#### Supplied information:
● ● ● ● ● ● ●
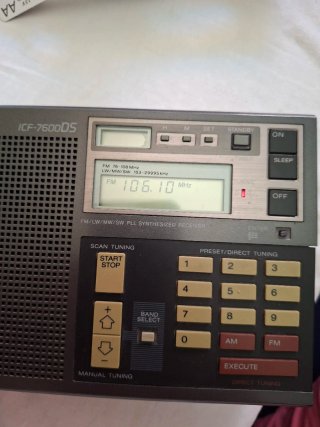 Radio Sony ICF-7600DS Portátil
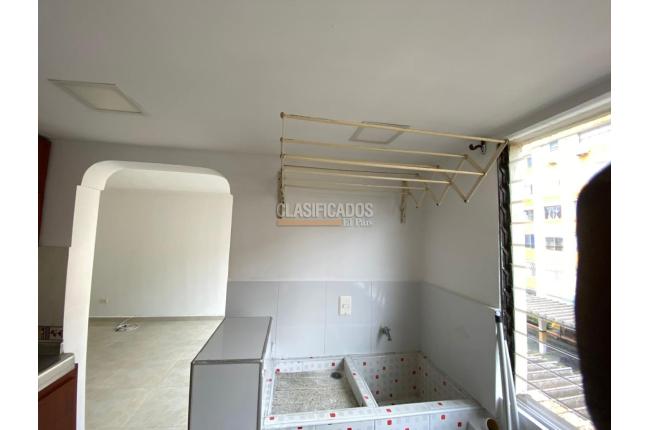Apartamentos, Alquiler, Colseguros - $1.800.000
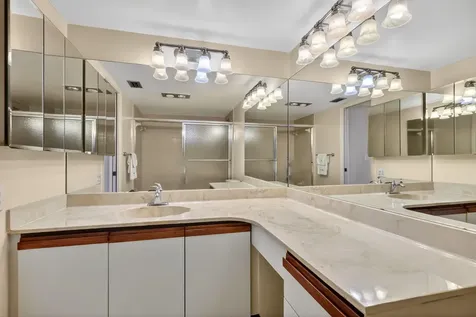 5561 Fairway Park Drive Boynton Beach FL 33437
● ● ● ● ● ● ●
#### Work instructions:
A word-for-word copy is required of the lines above from the line with "Apartamentos, Alquiler, Colseguros" through the last line of the data; no other lines and no pictures belong in it.

#### Exercise response:
Apartamentos, Alquiler, Colseguros - $1.800.000
 5561 Fairway Park Drive Boynton Beach FL 33437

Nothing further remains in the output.